Egypt in 2017 also saw thousands take to Twitter and the streets to protest against similarly price hikes in bread following a government removal of subsidies, though the IMF continually insists it did not recommend these governments cut subsidies servicing poor and working class families.
“The global fight for social justice and economic self determination is an ongoing process,” said Sara Ababneh, Assistant Professor at the University of Jordan's Center for Strategic Studies.
“It was at the heart of the Arab Uprisings of 2011-12 and it is at the heart of protests now. In the age of globalization, people around the globe are trying to resist the negative impacts of neo-liberalism and the precariousness in which it has left them.”
To look at these continual mobilizations and isolate the movements happening now as an “Arab Spring 2.0” ignores the continual, inter-generational struggle for economic and political rights that has pushed continuously at the doors of old regimes.
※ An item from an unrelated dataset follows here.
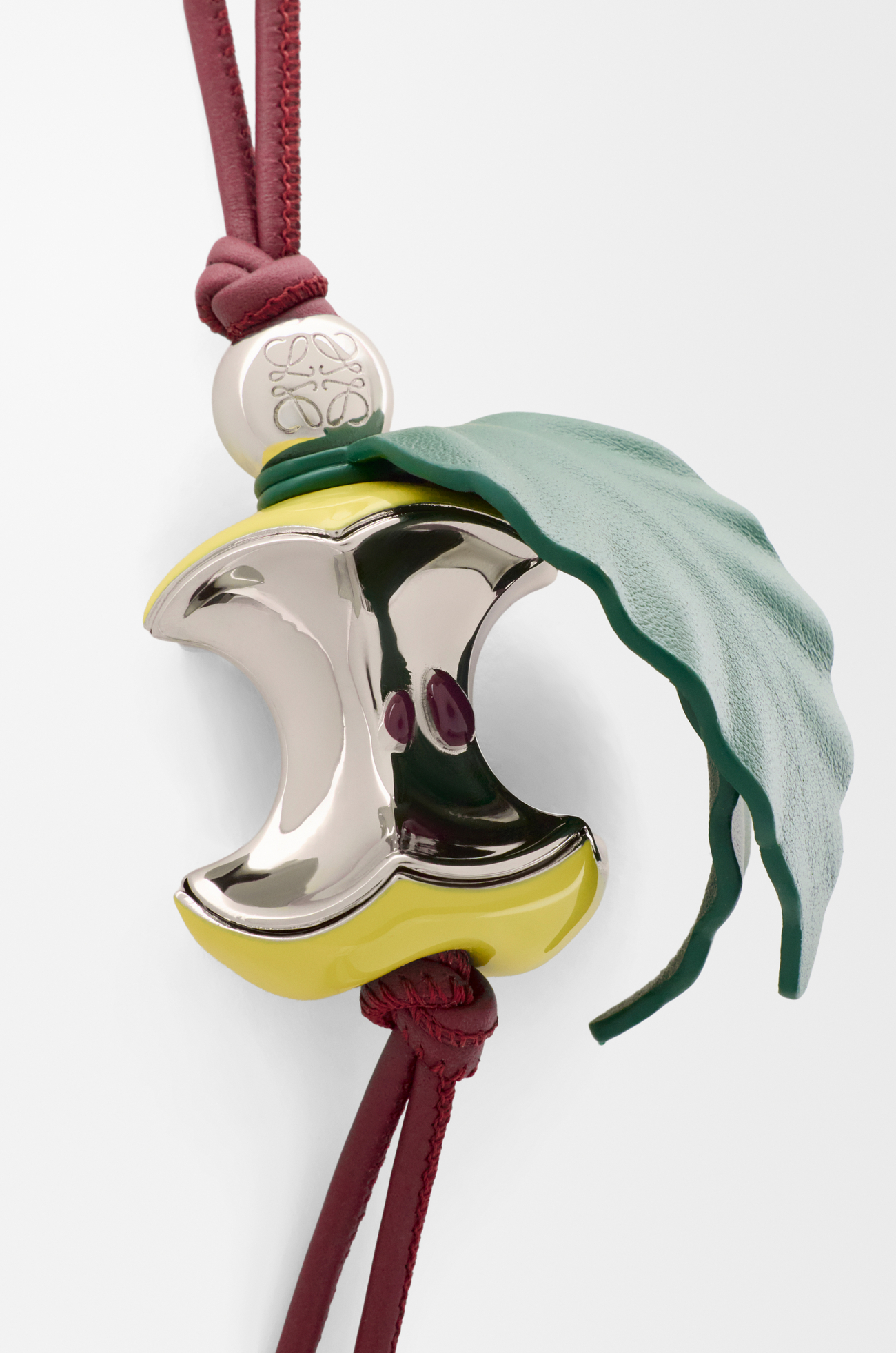 LOEWE アップル チャーム（真鍮&カーフ） グリーン/シルバー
In their place, an alternate history is given whereby Arabs were resting, and were woken up.
“I don't know if I would call these protests a resurrection of 2011. I also don't know what benefit it would have to think of this as a resurrection, discursively,” Ababneh said.
Deeming them a new ‘Arab Spring’ also papers over the fact that many of the protests happening now are occurring in countries whose regimes escaped relatively unharmed from 2011. “I am skeptical of the idea of a regional ‘resurgence,’” said Heiko Wimmen, project director of Iraq, Syria and Lebanon for the International Crisis Group.
“In Algeria, Jordan, and Sudan the regimes managed to dodge the original 2011 wave. The confrontation was avoided but popular discontent was not crushed, and the reasons for it not addressed. So this will continue to come back, until either a showdown happens or things change.”
In other words, the core grievances that inspired protests in 2011 were never addressed, meaning it was only a matter of time before protesters expressed them again. It is less an ‘Arab Spring 2.0’ than a continuation of 2011’s protests, which were in themselves continuations of protests that occurred in the years before.
If we were to announce these movements as the Arab Spring 2.0, we would doubtless need to declare their successor-movements the Arab Springs 3.0 and 4.0, until it becomes too unwieldy a sequence to maintain.
To call each iteration of protests in the region a new “Spring” oversimplifies both the current protests’ roots and the nature of political movements in the Middle East, imbuing each with optimistic imagery of the masses yearning for secular democracies without ever getting to the heart of their grievances that are often economic in nature, and have been the source of much of the region’s popular movements since the region gained independence from France and Britain.
These movements and the slogans of poor and working class Arabs have persisted through decades of regime rule: their continuation into 2019 speaks to both the perseverance of the region’s downtrodden people and the endurance of the powerful elite behind the policies against which millions have rallied.
Ending practices of corruption and cronyism requires movements that aren’t framed as spontaneous ‘Springs’ of youth but as constituent parts of a broad-based, durable intergenerational call for justice from below.